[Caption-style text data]

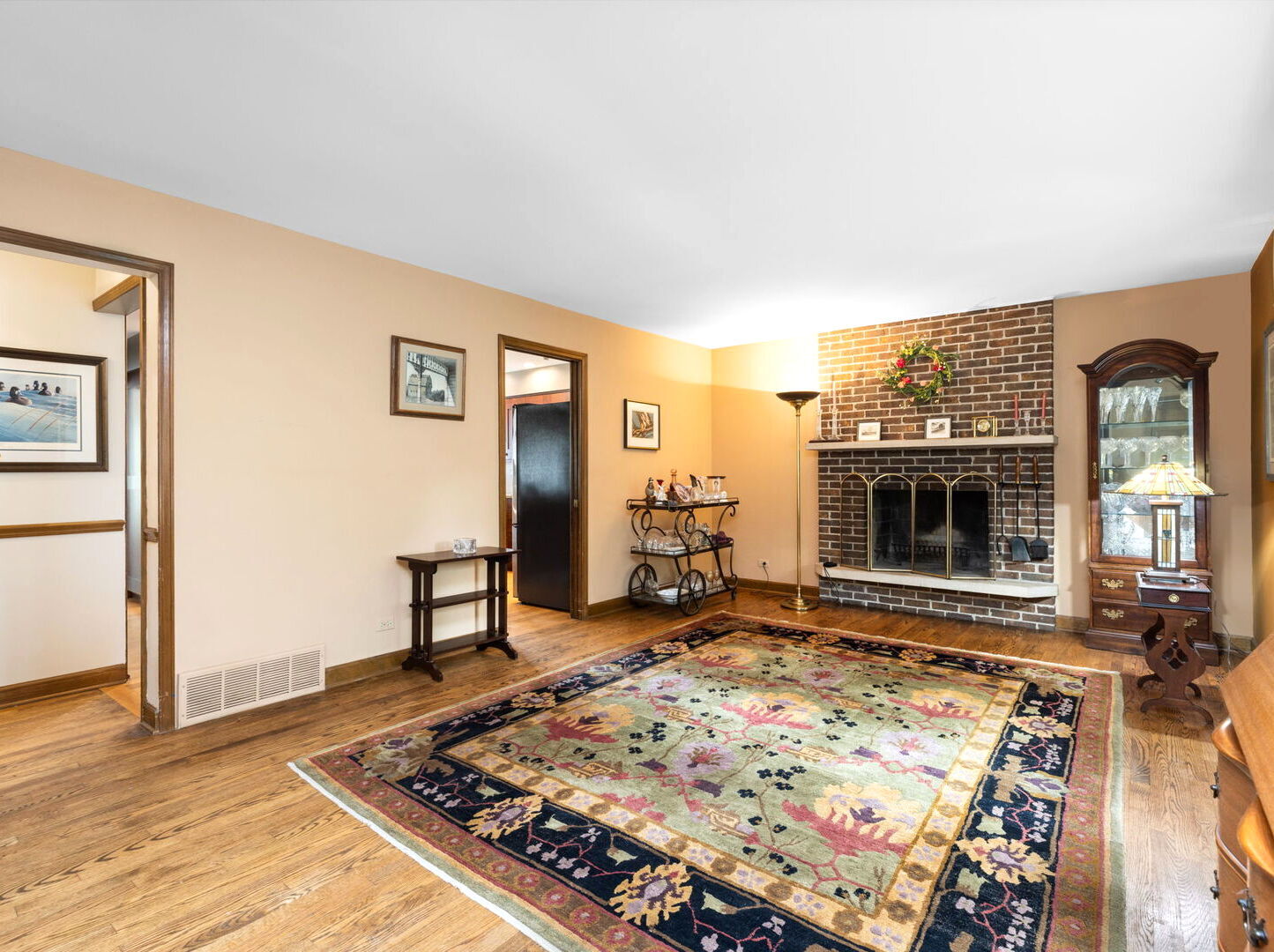 1937 Nottingham Lane Property Photo 7
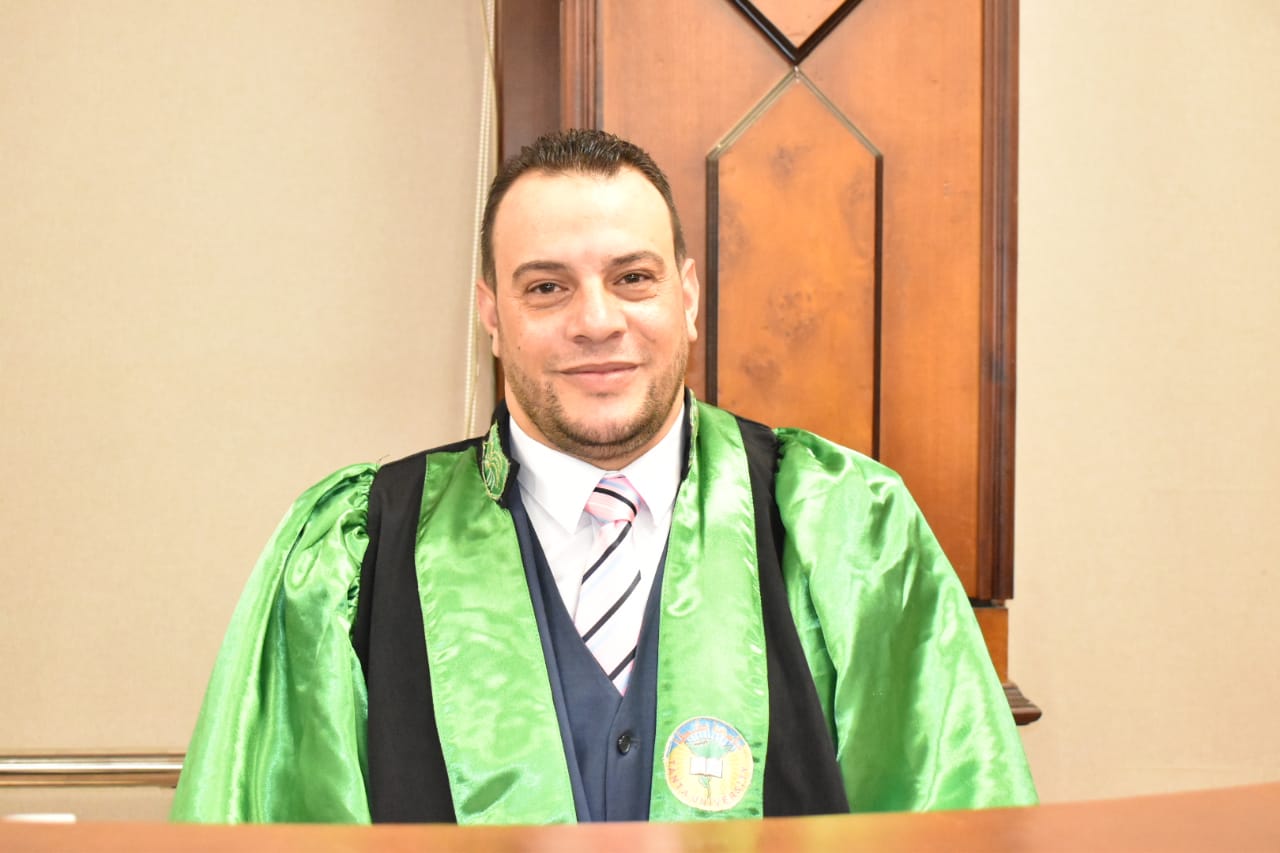 مناقشة رسالة الدكتوراة للباحث السيد حجاج السيد فتح الله بقسم اللغة العربية بآداب طنطا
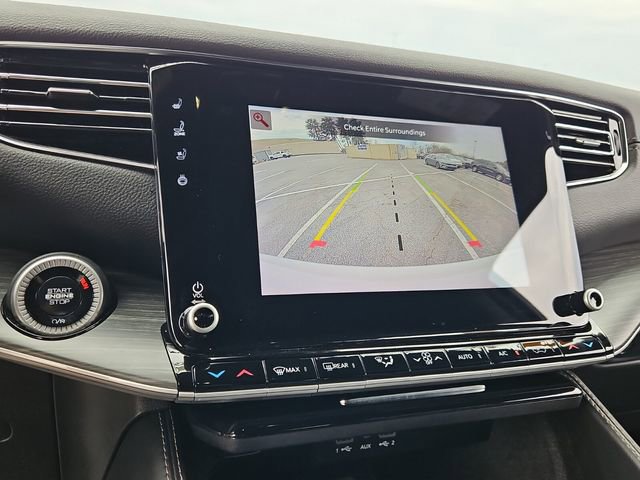 Used 2024 Jeep Wagoneer Series II w/ Flexible Seating Group image 23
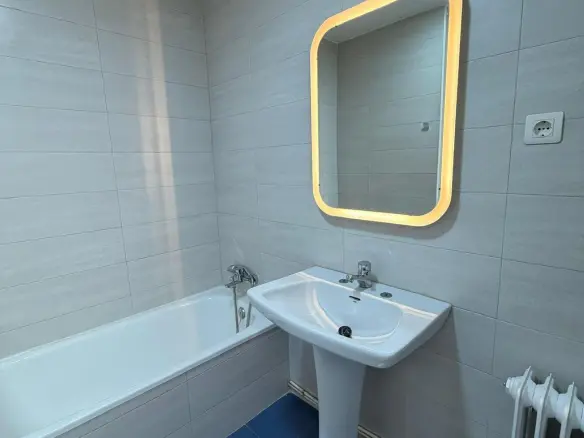 4-bedroom Apartment In Yecla, Spain (100 M²)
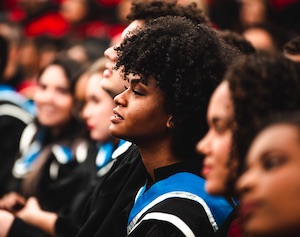 photo by Lia Castro of women graduating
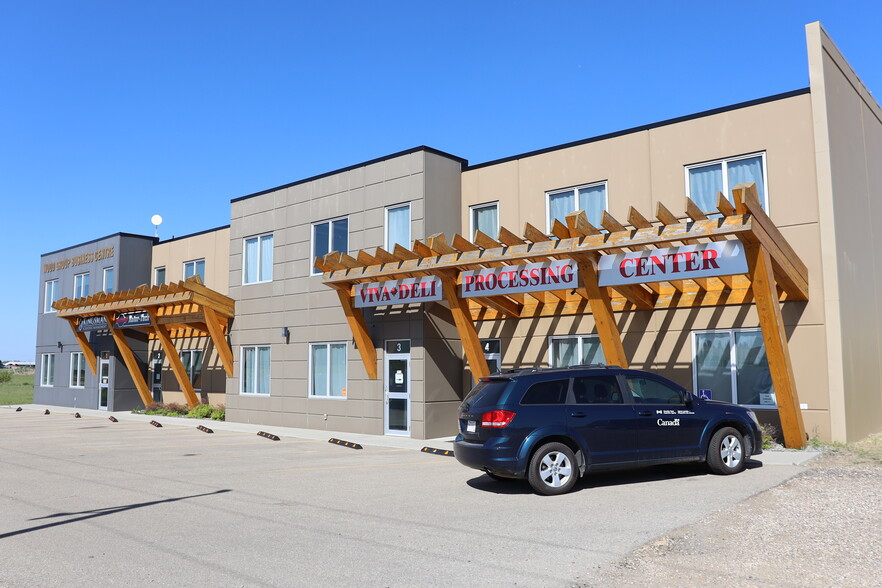 5220 Duncan Ave, Blackfalds, AB en venta - Foto del edificio - Imagen 2 de 9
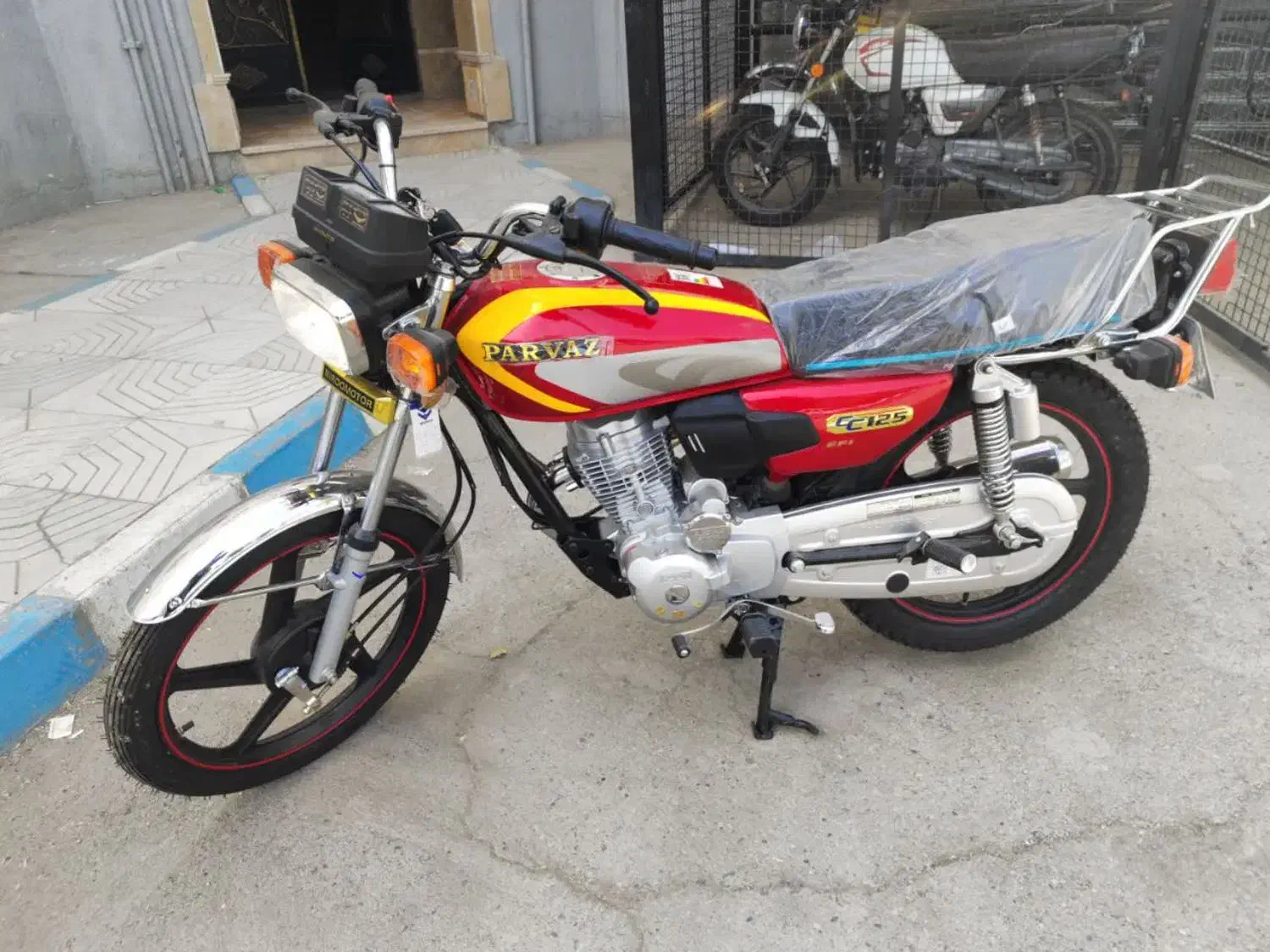 هندا ۱۲۵ صفر کیلومتر مدل پرواز استارتی|موتورسیکلت|کرج, برغان|دیوار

- **WORK REQUIRED**: What is needed is an exact copy of only the lines from the line containing "5220 Duncan Ave, Blackfalds, AB" through the last line of the entries, inclusive, without the pictures.

- **TASK RESULT**:
 5220 Duncan Ave, Blackfalds, AB en venta - Foto del edificio - Imagen 2 de 9
 هندا ۱۲۵ صفر کیلومتر مدل پرواز استارتی|موتورسیکلت|کرج, برغان|دیوار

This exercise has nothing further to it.